Rafael Garcia: Repairing lives and low-income homes
Rafael Garcia is executive director of Community First, a nonprofit organization that helps low-income and elderly Milwaukee residents afford the repairs needed to maintain and remain in their homes. It has worked on more than 260 homes since starting in 2015, and last year provided repairs worth an average of $35,000. Garcia said his organization also teams with local contractors to help them grow their business.
Q: Community First was invited to attend the recent United Nations Conference on Housing and Sustainable Urban Development in Ecuador. Tell us more about the opportunity.
A: It is a conference that is held once every 20 years, so it was a big deal.
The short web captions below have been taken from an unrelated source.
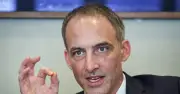 Glucksmann et la rupture de classe : un héritage politique complexe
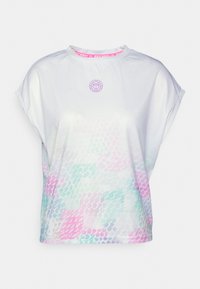 Biała siateczkowa koszulka z krótkim rękawem z gradientowym wzorem w pastelowych kolorach, z okrągłym dekoltem i małym fioletowym logo na piersi.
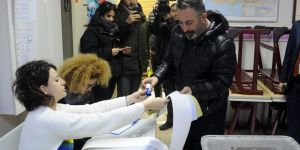 Cem Yılmaz oyunu kullandı: Biz kazanacağız!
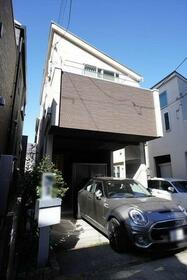 東京都杉並区和泉２丁目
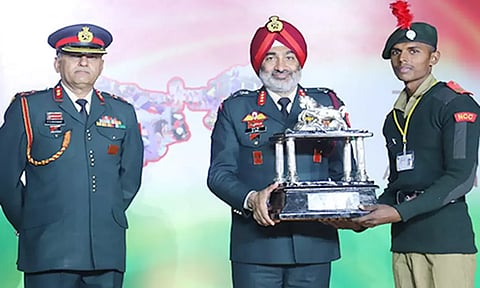 மாணவர் சிவசுப்பிரமணியனுக்கு, அகில இந்திய என்.சி.சி தலைமை அதிகாரி குர்பீர்பால்சிங் பரிசு வழங்கினார்.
We were very excited to see what other cities around the globe are doing in terms of sustainable urban development. But we were also excited to share some of the things that we are doing here in Milwaukee, a very innovative city.
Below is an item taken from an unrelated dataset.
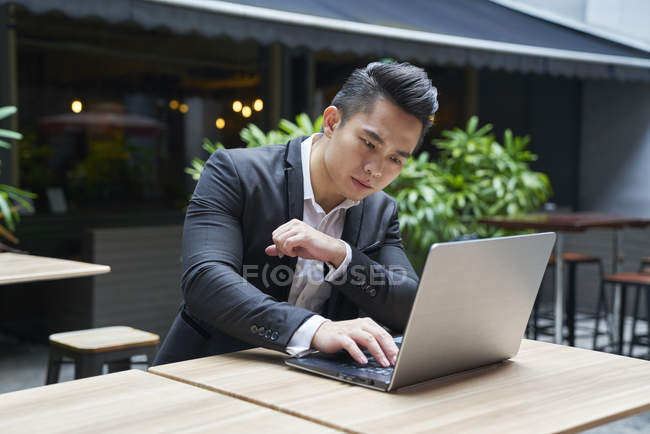 Junge asiatische erfolgreiche Geschäftsmann mit Laptop — Stockfoto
Q: How would you describe your organization’s primary purpose?
A: Whether it is fixing a roof, windows, flooring or whatever, we ultimately want to make sure that families are able to stay in their homes. Often they have been in their homes for 30 years, sometimes longer. So we are trying to preserve their home and keep them in it, because we understand that their home is their whole life.
Q: What’s the biggest challenge you’ve faced as a nonprofit leader?
A: It’s a very difficult job being an executive director. One of the biggest challenges I have is to get people to see what it is that we’re doing, and get people to see the impact we’re having on families and communities. Because once they see that, they will support Community First in a greater way. We need to tell our story; we need to get it out there.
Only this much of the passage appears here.